--- WHAT THE EXERCISE ASKS ---
Print exactly the first lines of the records. Stop after the line containing "903 Christopher Baytown, TX", and leave every picture out.

..........

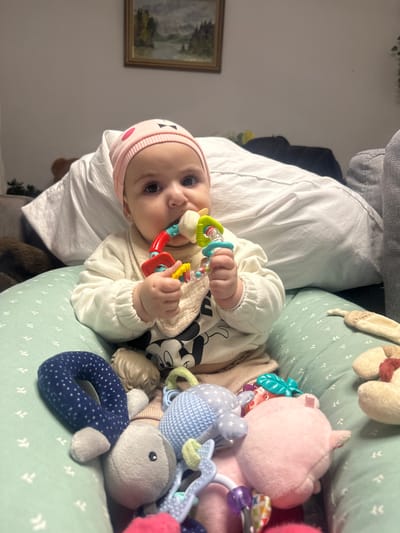 A baby wearing a pink hat and beige outfit lies on a green patterned surface, surrounded by toys. The baby holds a colorful teether in their hands, with one end in their mouth. Stuffed animals, including a pink pig and a blue whale, are scattered around the baby. A white pillow supports the baby. A framed landscape picture hangs on the wall in the background. The lighting is soft, and the overall scene appears cozy.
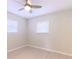 Bright bedroom features neutral walls, wood-look flooring and a ceiling fan at 6699 78Th N Ave, Pinellas Park, FL 33781
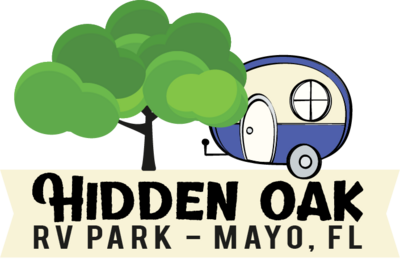 Logo of Hidden Oak RV Park, Mayo, FL. Features a cartoon tree and a retro RV trailer in blue and cream. The text "Hidden Oak RV Park – Mayo, FL" is below the images, showcasing a haven for Mayo Florida camping enthusiasts seeking monthly campground rates in Florida.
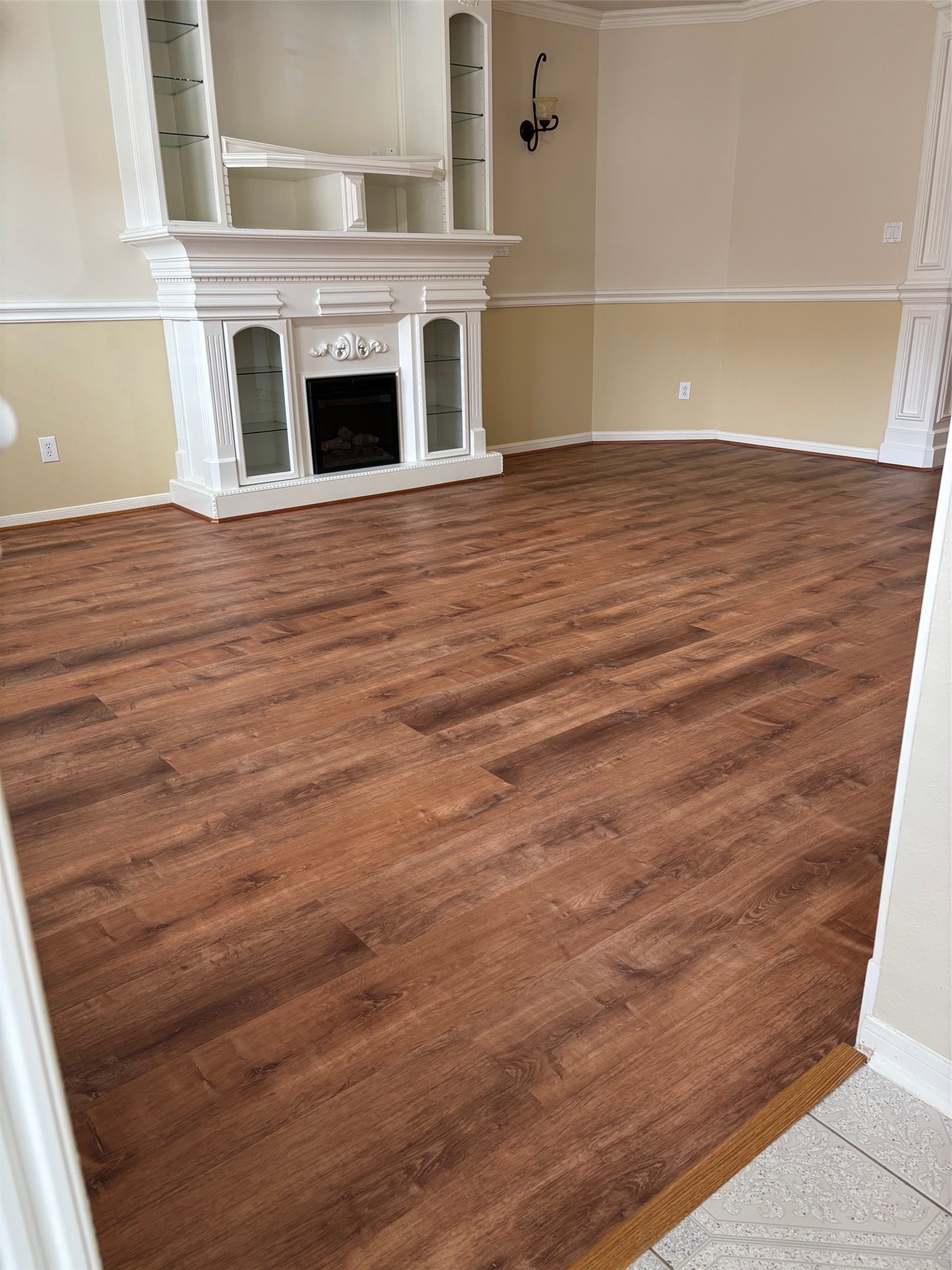 903 Christopher Baytown, TX 77521 - Photo 5 of 19 a view of a livingroom with wooden floor and a fireplace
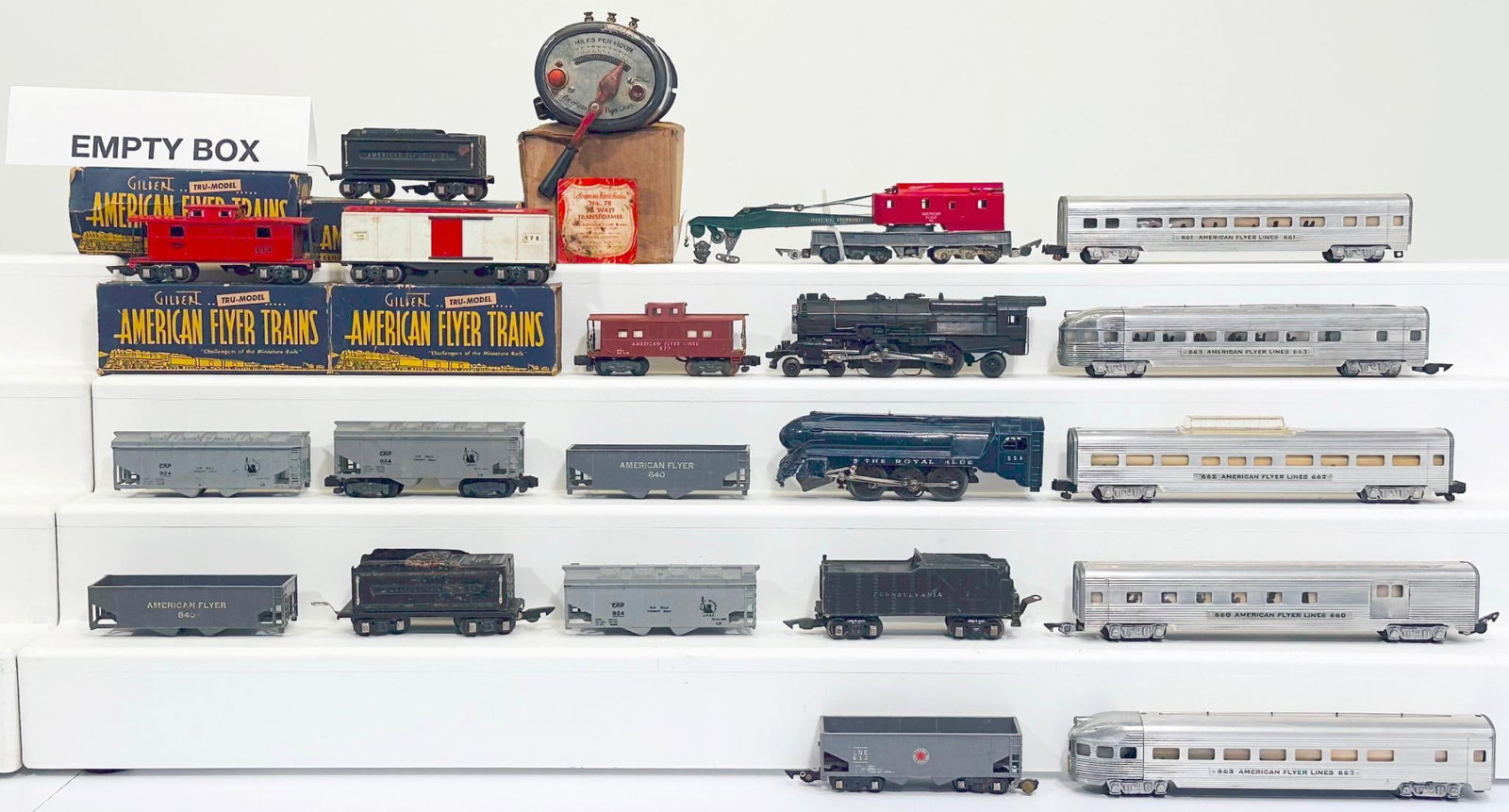American Flyer Postwar S Gauge 5 Aluminum Passenger Cars and Assorted Freight Cars/Royal Blue Loco: American Flyer Postwar S Gauge 5 Aluminum Passenger Cars and Assorted Freight Cars/Royal Blue Locomotives missing Wheels and 4 - 4 - 2 Locomotive and Tender, each in C6 or better.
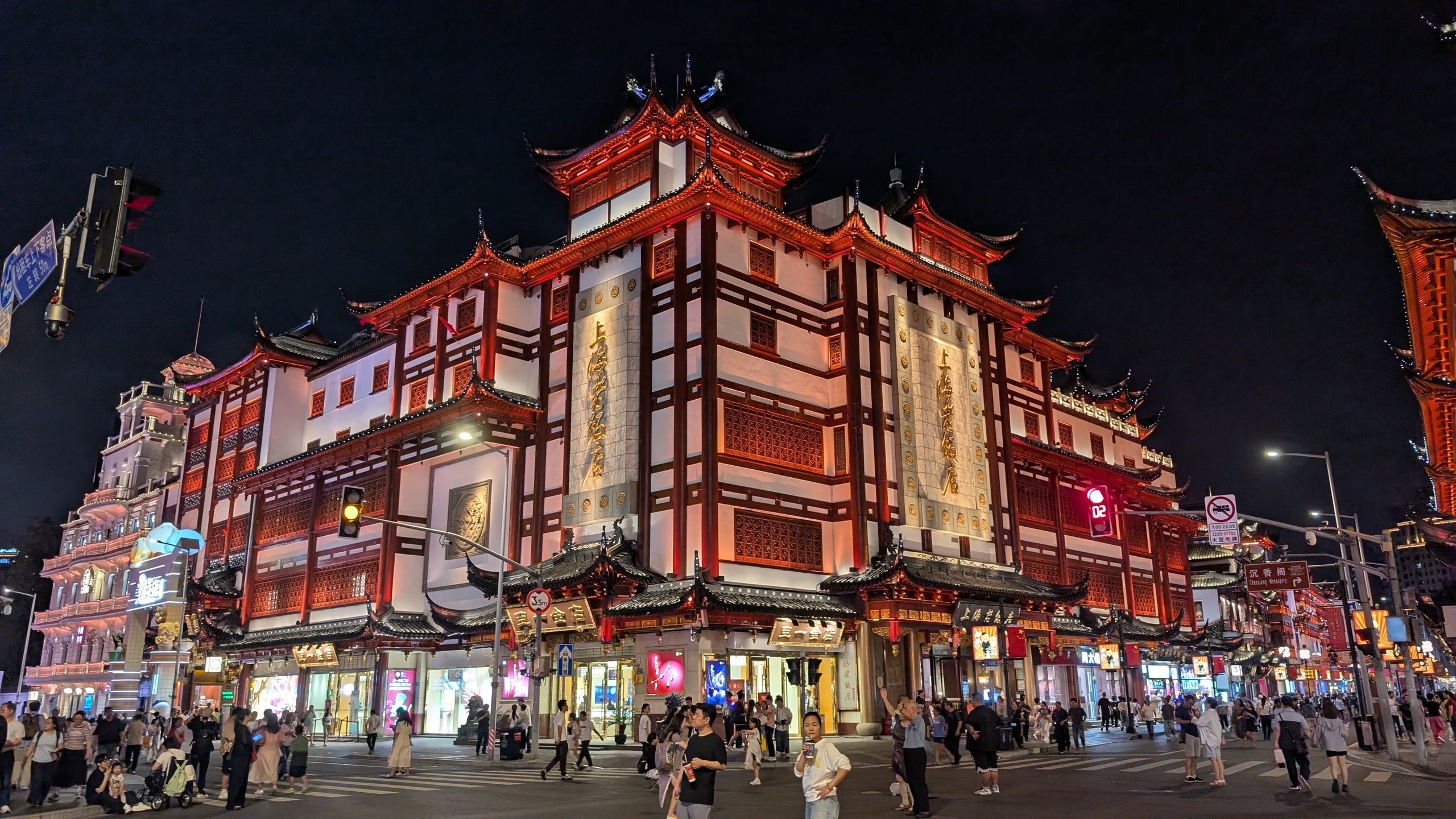 The Yu Garden bazaar at night, its multi-tiered temple-style buildings lit gold and red above a crowded street corner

..........

--- EXERCISE ANSWER ---
 A baby wearing a pink hat and beige outfit lies on a green patterned surface, surrounded by toys. The baby holds a colorful teether in their hands, with one end in their mouth. Stuffed animals, including a pink pig and a blue whale, are scattered around the baby. A white pillow supports the baby. A framed landscape picture hangs on the wall in the background. The lighting is soft, and the overall scene appears cozy.
 Bright bedroom features neutral walls, wood-look flooring and a ceiling fan at 6699 78Th N Ave, Pinellas Park, FL 33781
 Logo of Hidden Oak RV Park, Mayo, FL. Features a cartoon tree and a retro RV trailer in blue and cream. The text "Hidden Oak RV Park – Mayo, FL" is below the images, showcasing a haven for Mayo Florida camping enthusiasts seeking monthly campground rates in Florida.
 903 Christopher Baytown, TX 77521 - Photo 5 of 19 a view of a livingroom with wooden floor and a fireplace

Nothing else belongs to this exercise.